SQL Database Hyperscale enables limitless scale that goes far beyond other cloud providers, breaking through the resource constraints of modern application development with limitless size and scale. Hyperscale eliminates the challenges often seen with very large workloads, with virtually instantaneous backups and the capability to restore databases in the hundreds of terabytes within minutes. Now customers can significantly expand the potential for application growth without being limited by storage size.

Built-in AI lets customers put their databases on auto-pilot, with features that are trained on millions of databases to optimize performance and security on their behalf. As the apps run, the database continuously learns their unique patterns, adaptively tuning performance and automatically improving reliability and data protection. Features like automatic tuning and advanced data security are on the job 24×7, so customers can focus more on driving their business than managing their databases.
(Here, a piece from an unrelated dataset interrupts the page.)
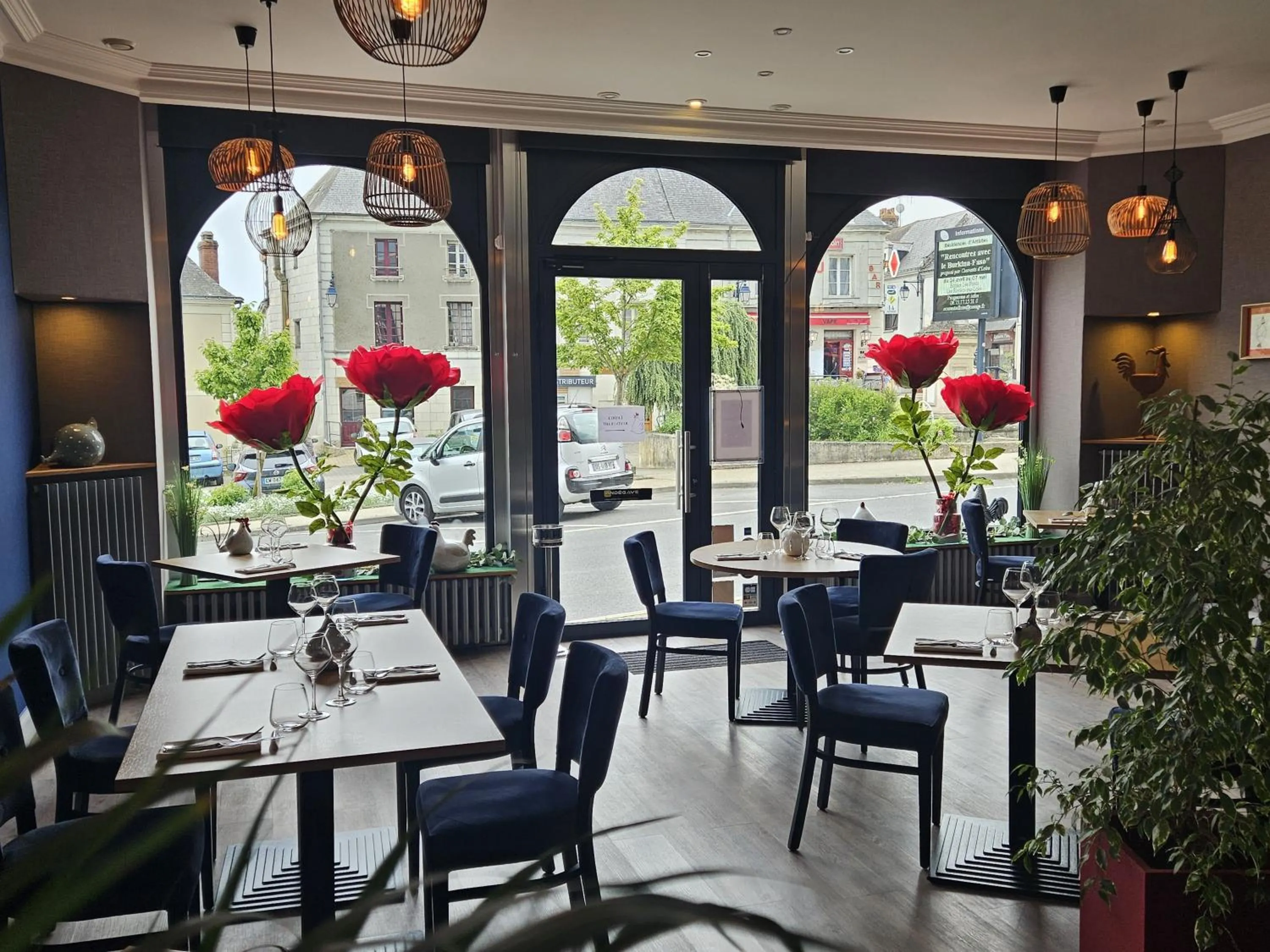 Restaurant/places to eat in Logis Loire Hotel - Les Cocottes Restaurant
“Azure SQL Database requires minimum management effort and it is scalable, a must for our type of applications. The ‘Intelligent Performance’ monitoring with its Recommendation engine and its Query Performance Insight is like having a DBA on staff, 24×7, looking at optimizing our database. We could not have it done better!” Cezar Nasui, Director – Operations and Special Projects, Centris

SQL Database provides enterprise-grade reliability with industry-leading availability guarantees, up to 99.995 percent. It also provides the only 100 percent business continuity SLA in the industry for a relational database service. With built-in high availability using Always On technology, these guarantees represent our commitment to ensuring customers’ data is safe and the applications and processes their businesses rely upon continue running in the face of a disruptive event.

Get started with SQL in Azure

SQL databases are simply best on Azure, making it the natural destination for customers to help secure and modernize their SQL Server databases. Learn more about why SQL Server is best on Azure or get started for free.

1Price-performance claim based on data from a study commissioned by Microsoft and conducted by GigaOm in August 2019. The study compared price performance between a single, 80 vCore, Gen 5 Azure SQL Database on the business-critical service tier and the db.r4.16xlarge offering for SQL Server on AWS RDS. Benchmark data is taken from a GigaOm Analytic Field Test derived from a recognized industry standard, TPC Benchmark™ E (TPC-E), and is based on a mixture of read-only and update intensive transactions that simulate activities found in complex OLTP application environments. Price-performance is calculated by GigaOm as the cost of running the cloud platform continuously for three years divided by transactions per second throughput. Prices are based on publicly available US pricing in East US for Azure SQL Database and US East (Ohio) for AWS RDS as of August 2019. Price-performance results are based upon the configurations detailed in the GigaOm Analytic Field Test. Actual results and prices may vary based on configuration and region.